I WANTED to write a full column about blue Christmas lights and how sad they make me. I thought I could tie it to a column about Christmas decorations going up far too early. And about Christmas decorations coming down too early.
Except that seems like a very unimportant topic to write about.
It’s not that I don’t plan for Christmas. With five children and a grandchild that couldn’t be farther from the truth. I follow my Mammy’s and Nana’s traditions of making Christmas cake, pudding and mincemeat as early as possible. Not always as early as they did. But when I do make them I feel so connected. Most of the time I use Delia’s recipes. Old reliables that taste exactly like Christmas. But this year I added dried cranberries to the mincemeat, and I also diverted on the pudding this year. I have made a fruit pudding with chocolate and cherries that were picked from our tree and soaked in brandy for the past few months. It felt a little sacrilegious until I smelt it cooking. It will be a miracle akin to the Immaculate Conception itself if it survives until Christmas Day! I am fully confident my Mammy, Nana and even Delia would forgive me.
So, yes, the planning and anticipation is real. My rafters heave with Christmas decorations, so I really am no Bah, Humbug! on this matter. Basically, anything short of Mammy Christmas’s cottage is a let down. But all in good time. We get a real tree, like the one we had when I was young. Heavy with the scent of pine, sap dripping onto the floor. Different every year, with the sheer joy of going to find it. Anything earlier than two weeks before Christmas and it would be a sorry looking bare stick by the Big Day. So I stick with my Nana’s and Mammy’s timetable. And I don’t get bored with it and I’m always sorry to see it taken down.
And no blue lights, unless accompanied with red, gold, green and other twinkly multi-coloured lights. And definitely none of those medical bright lights – that seem to appear with blue lights. Why would anyone want to light the front of their house to look like an operating theatre? Maybe that’s unfair. Maybe there is a beauty there I simply don’t see.

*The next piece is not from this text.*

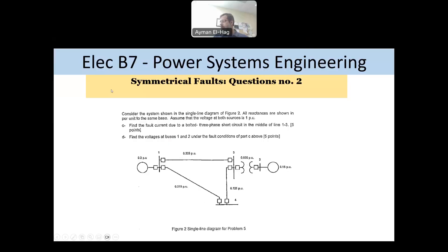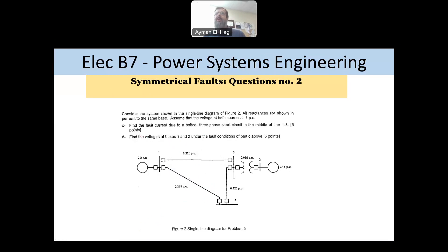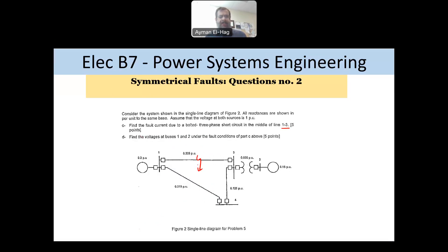Hi everyone, and welcome back to this series of exam questions for Electrical B7 Power Systems Engineering. This is another question about symmetrical faults. We had one question before about symmetrical faults where the fault occurred at the bus, but here the fault happened at the middle of line 1 to 3. It's a bit different from the previous one, and because it's from an older exam, I thought it's interesting to share it with you.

I want warm white lights or lovely little twinkly multi-colours – just like the ones when I used to turn the big light off and sit in front of the fire and watch for hours on end when I was small, just waiting for Santa to come.
Santa isn’t coming to our house this year for the first time in 22 years and so I think my heart might break on Christmas Eve. But he’s going to my granddaughter’s house for the first time this year. This won’t stop us getting ready just in case he makes an appearance for a mince pie with dried cranberries.
Yeah, I wasn’t going to write any of this. Because really I know I am bucking against anything that doesn’t take me right back to my Mammy’s stirring and my Nana’s singing.
Lights that don’t evoke that? Bah! Early decorations that might spoil it? Humbug!
Real trees, warm lights and two weeks before. Just like Mammy and Nana.
Doesn’t seem so unimportant after all.